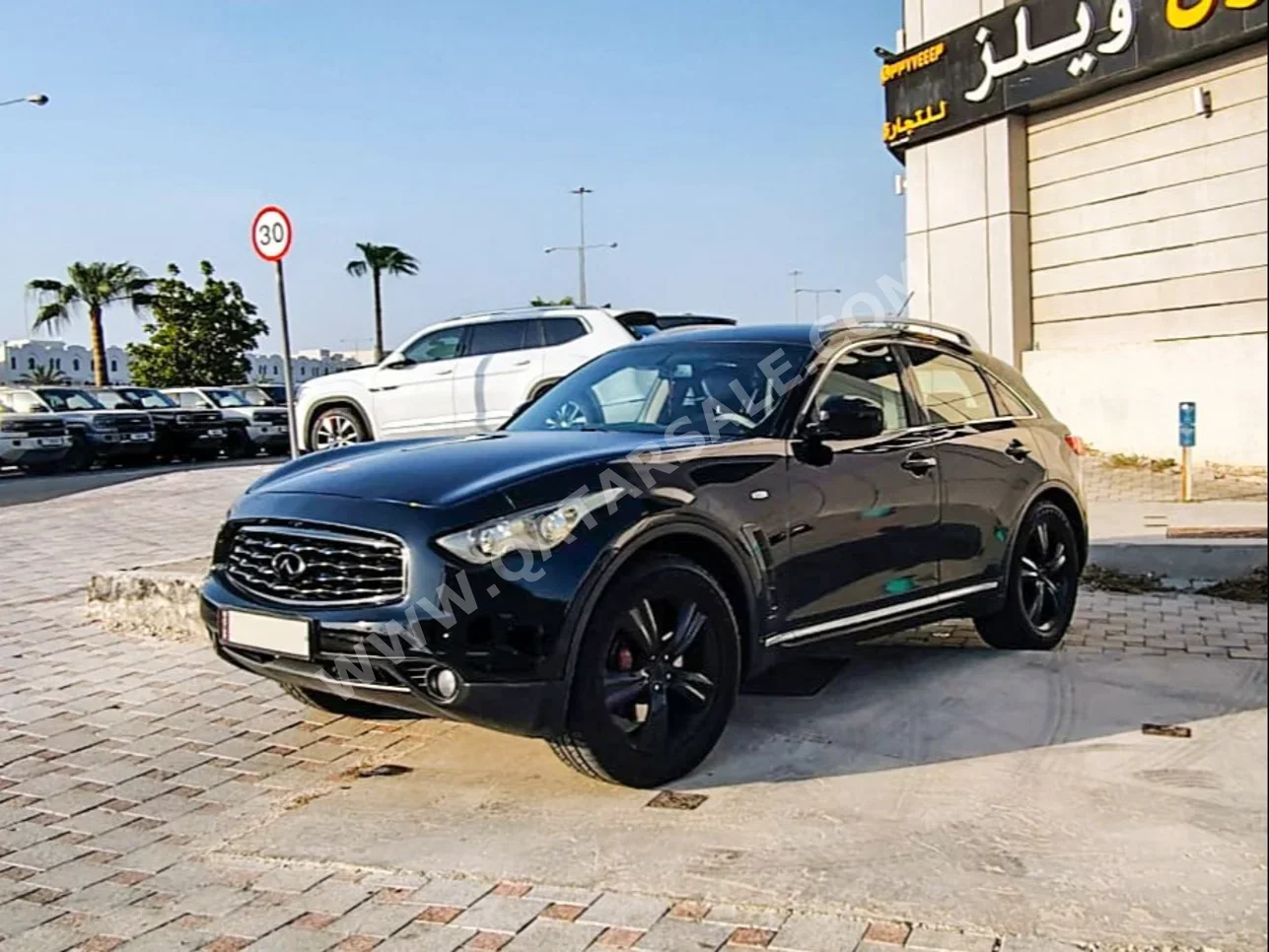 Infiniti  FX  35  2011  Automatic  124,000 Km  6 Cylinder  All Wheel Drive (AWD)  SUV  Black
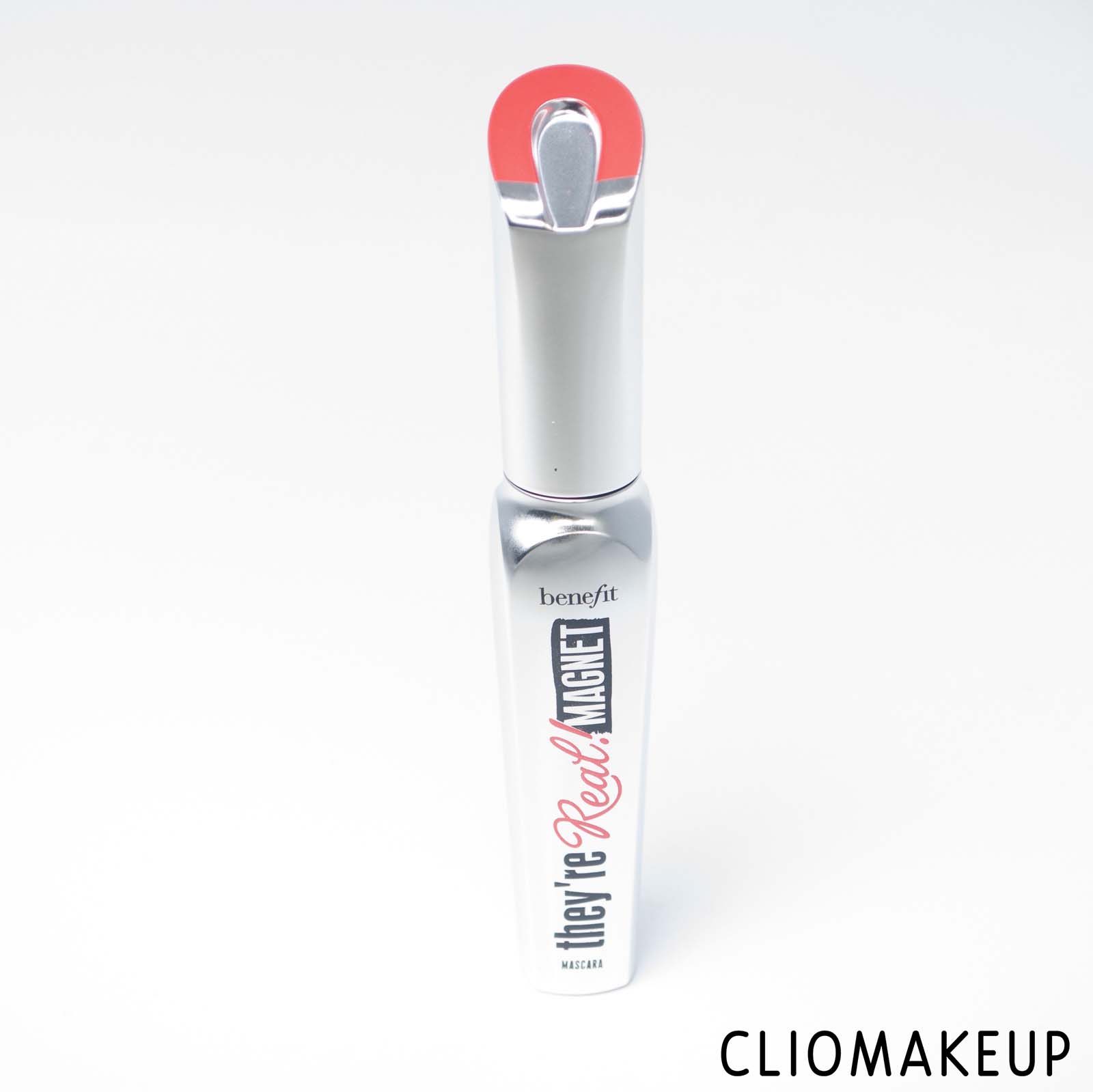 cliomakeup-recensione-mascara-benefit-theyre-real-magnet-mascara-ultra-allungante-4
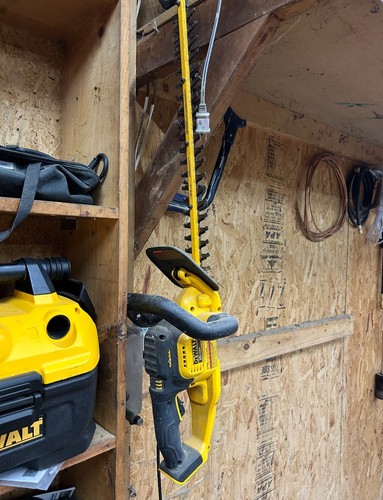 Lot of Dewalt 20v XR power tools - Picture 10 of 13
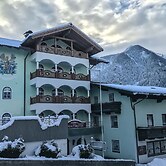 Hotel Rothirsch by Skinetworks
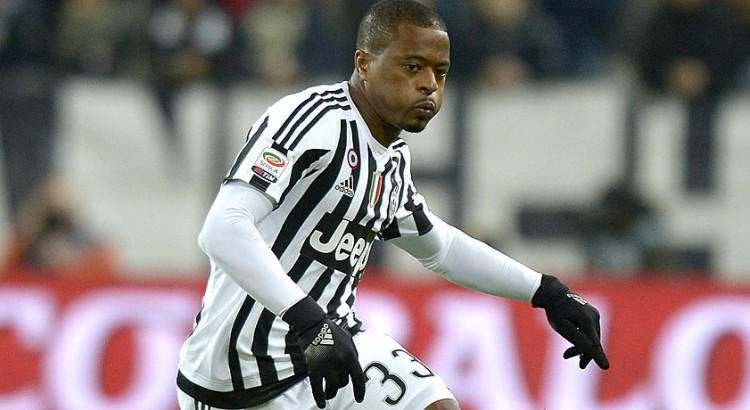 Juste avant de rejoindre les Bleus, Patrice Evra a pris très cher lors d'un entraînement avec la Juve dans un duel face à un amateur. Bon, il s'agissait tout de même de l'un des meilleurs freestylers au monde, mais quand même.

+ + + + +

EXERCISE BRIEF: Only the pictures are to be left out; everything else in the entries above must be duplicated exactly.

RESPONSE BELOW:
 Infiniti  FX  35  2011  Automatic  124,000 Km  6 Cylinder  All Wheel Drive (AWD)  SUV  Black
 cliomakeup-recensione-mascara-benefit-theyre-real-magnet-mascara-ultra-allungante-4
 Lot of Dewalt 20v XR power tools - Picture 10 of 13
 Hotel Rothirsch by Skinetworks
 Juste avant de rejoindre les Bleus, Patrice Evra a pris très cher lors d'un entraînement avec la Juve dans un duel face à un amateur. Bon, il s'agissait tout de même de l'un des meilleurs freestylers au monde, mais quand même.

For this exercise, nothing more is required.